Metric	What it Measures	Good Value	Formula
R² Score	Variance explained	Close to 1.0	1 - (SS_res / SS_tot)
MSE	Average squared error	Close to 0	mean((y - y_pred)²)
RMSE	Error in original units	Close to 0	sqrt(MSE)
MAE	Average absolute error	Close to 0	mean(

Classification Metrics

Metric	What it Measures	Good Value	When to Use
Accuracy	Correct predictions / total	Close to 1.0	Balanced classes
Precision	True positives / predicted positives	Close to 1.0	Cost of false positive is high
Recall	True positives / actual positives	Close to 1.0	Cost of false negative is high
F1 Score	Harmonic mean of precision and recall	Close to 1.0	Imbalanced classes
AUC-ROC	Ranking quality	Close to 1.0	Binary classification
Log Loss	Confidence of predictions	Close to 0	Probabilistic output needed

When to Use Each Metric

# Balanced dataset — accuracy is fine
print(f"Accuracy: {accuracy_score(y_test, y_pred):.2%}")
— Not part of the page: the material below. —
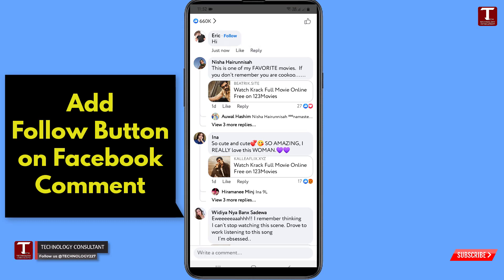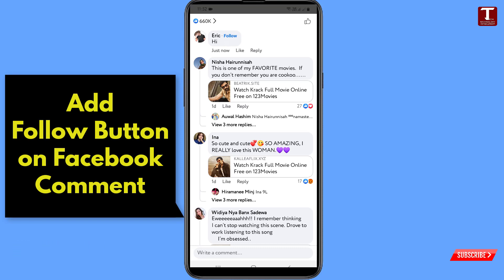In the same way, you can also enable the follow option in comments and increase your following. Don't forget to like this video and subscribe to our channel for more useful videos.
# Imbalanced dataset — use F1 or AUC
from sklearn.metrics import f1_score, roc_auc_score
print(f"F1 Score: {f1_score(y_test, y_pred, average='weighted'):.2%}")
print(f"AUC: {roc_auc_score(y_test, model.predict_proba(X_test)[:, 1]):.2%}")

# When false negatives are costly (e.g., disease detection)
# Maximize recall
print(f"Recall: {recall_score(y_test, y_pred):.2%}")

# When false positives are costly (e.g., spam filtering)
# Maximize precision
print(f"Precision: {precision_score(y_test, y_pred):.2%}")

Common ML Algorithms

Algorithm	Type	Best For	Complexity
Linear Regression	Regression	Simple relationships	Low
Logistic Regression	Classification	Binary outcomes	Low
Decision Trees	Both	Interpretable models	Medium
Random Forest	Both	General purpose	Medium
SVM	Both	High-dimensional data	High
K-Nearest Neighbors	Both	Small datasets	Low
K-Means	Clustering	Grouping data	Medium
Gradient Boosting	Both	Best accuracy	High

Avoiding Common Pitfalls

1. Data Leakage

# BAD: Using test data for training decisions
scaler.fit(X)  # Fits on ALL data including test
X_train, X_test = train_test_split(X)

# GOOD: Split first, then fit
X_train, X_test = train_test_split(X)
scaler.fit(X_train)  # Only fits on training data
X_test_scaled = scaler.transform(X_test)

2. Overfitting vs Underfitting

from sklearn.model_selection import cross_val_score

# Check for overfitting
train_accuracy = clf.score(X_train_scaled, y_train)
cv_scores = cross_val_score(clf, X_train_scaled, y_train, cv=5)

print(f"Training Accuracy: {train_accuracy:.2%}")
print(f"CV Accuracy: {cv_scores.mean():.2%}")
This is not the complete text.